Indeks WIG20 rósł rano o 0,5 proc. do 2566 pkt broniąc wsparcia w postaci ubiegłorocznego szczytu hossy, WIG rósł o 0,4 proc. do 66 333 pkt, broniąc bariery 66 000 pkt. Z kolei mWIG40 oscylował przy 5020 pkt, a więc powyżej granicy średnioterminowej konsolidacji z ubiegłego roku, a sWIG80 wahał się przy granicy 15 0000 pkt, która od kilku dni stanowi silne wsparcie. Luty rozpoczął się więc od lekkiego odreagowania korekty, która przyszła do Warszawy wraz z końcem stycznia. Ważne, że w nocy z środy na czwartek nie przyszło do nas zza oceanu impulsy sprzedażowe. Mam tu na myśli komunikat po posiedzeniu Fedu.

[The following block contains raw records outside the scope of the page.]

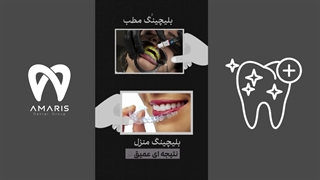 هوم بلیچینگ یا آفیس بلیچینگ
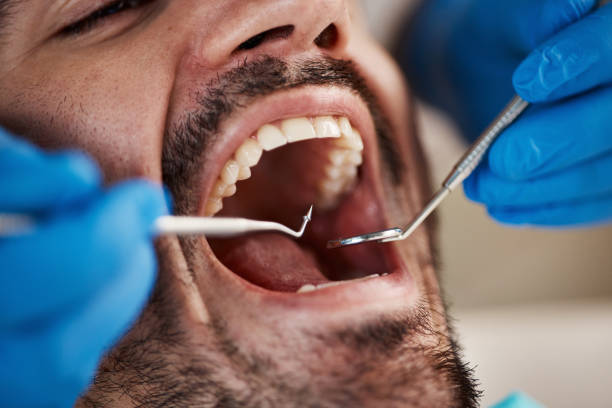 Best Emergency Treatment for Dental Infections or Abscesses in USA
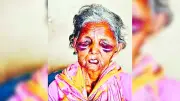চিকিৎসকদের গ্রামমুখী হওয়ার আহ্বান প্রধানমন্ত্রীর, যোগদানের পরই উধাও চিকিৎসক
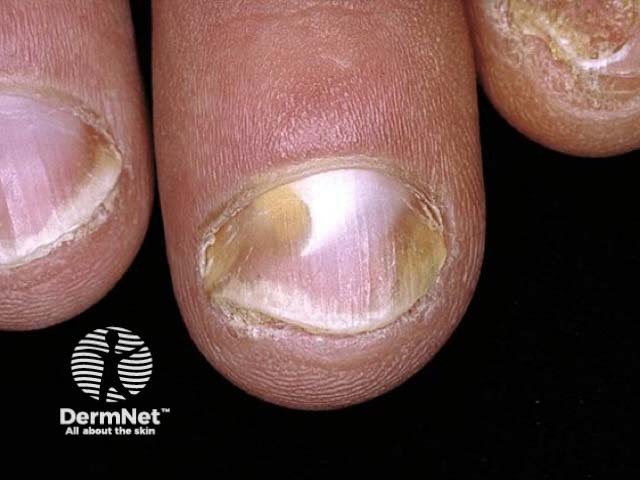 Nail psoriasis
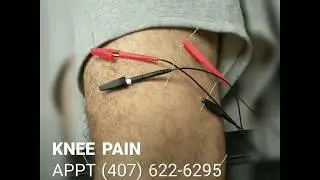 Dry Needling Acupuncture with Electrical Stimulation for Knee Pain I Orlando Area Chiropractor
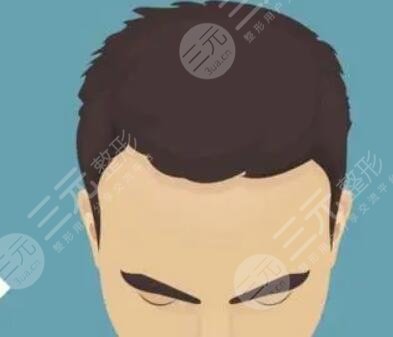 長(zhǎng)沙新生植發(fā)醫(yī)院胡須種植案例分享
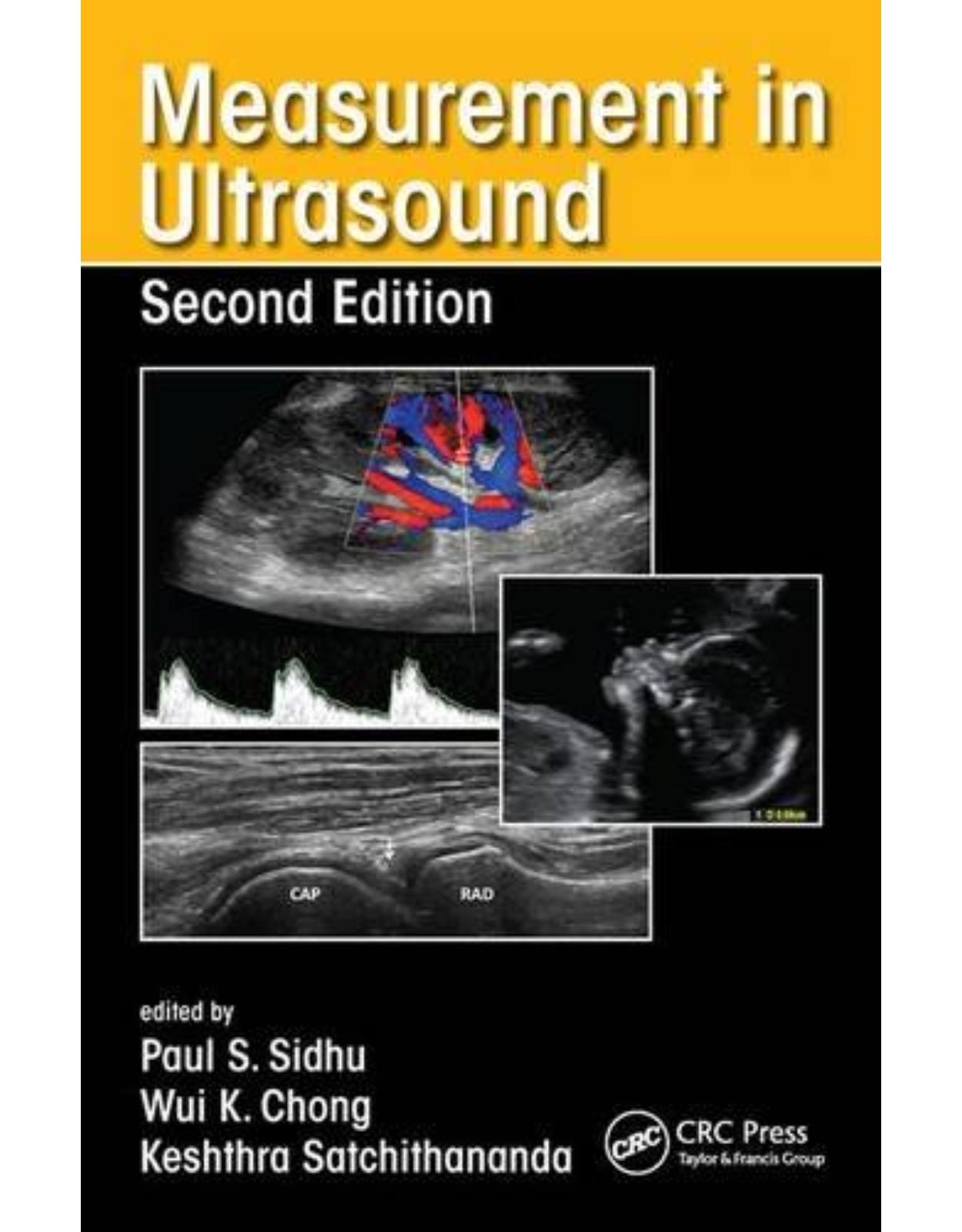 Measurement in Ultrasound, Second Edition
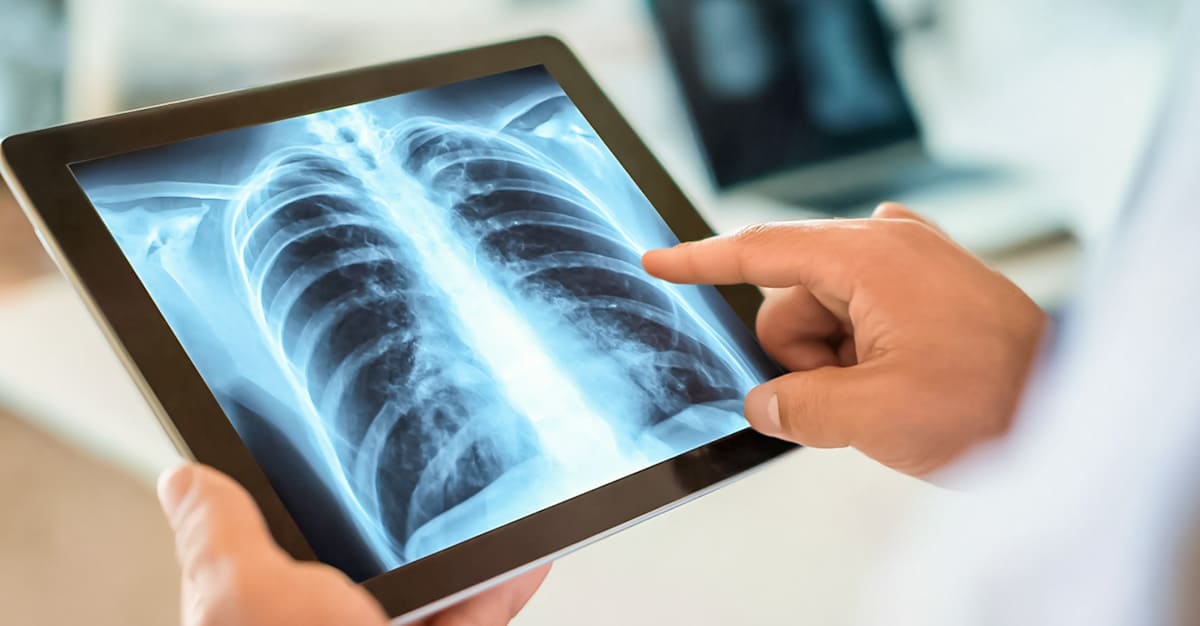 Notícias - Falta de uma proteína pode explicar algumas doenças respiratórias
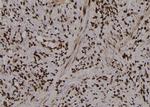 Phospho-PKM2 (Tyr370) Antibody in Immunohistochemistry (Paraffin) (IHC (P))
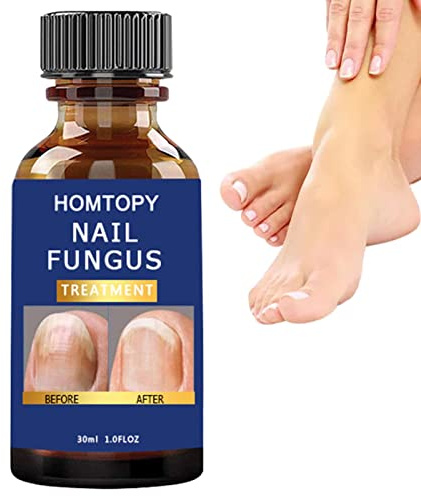 uñas,Solución Hongos Extra Fuerte para Uñas - Funguses Proof Na Renewal Parches para uñas Fórmula Fuerza máxima para uñas dañadas y descoloridas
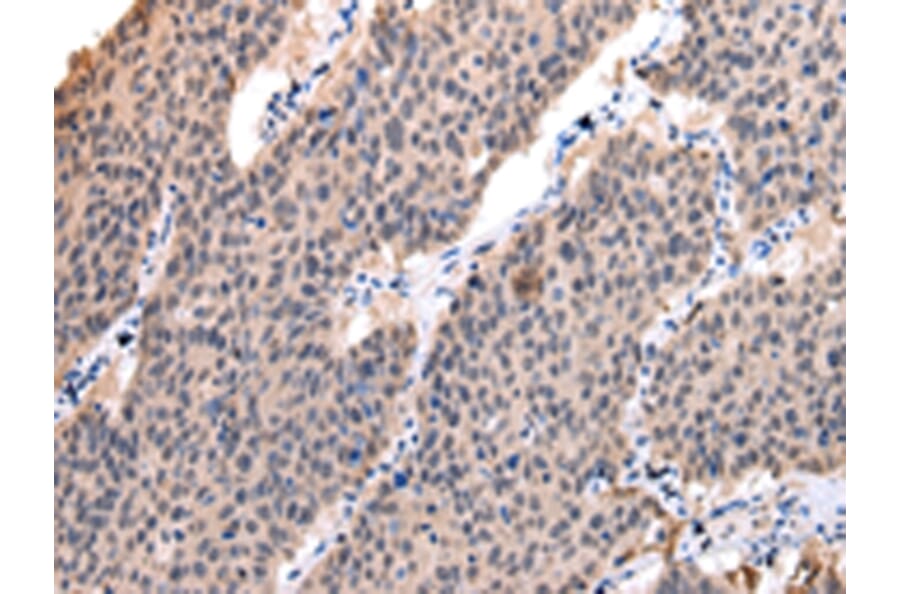 Immunohistochemistry - POLR2K Antibody from Signalway Antibody (42880) - Antibodies.com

- Stopy tym razem oczywiście się nie zmieniły (zmienią się w marcu), ale inwestorzy szukali w komunikacie przesłanek, które potwierdzą lub zaprzeczą temu, że Fed w tym roku trzy razy podniesie stopy procentowe. Nic takiego w komunikacie się nie znalazło. Inflacja ma stopniowo rosnąć, a gospodarka rozwijać się tak, że będzie możliwy dalszy, stopniowy wzrost stóp procentowych - pisał w komentarzu Piotr Kuczyński, główny analityk DI Xelion. W dzisiejszym kalendarium mnóstwo odczytów PMI dla najważniejszych gospodarek świata. To od nich mogą zależeć nastroje na rynkach w kolejnych fazach czwartkowej sesji.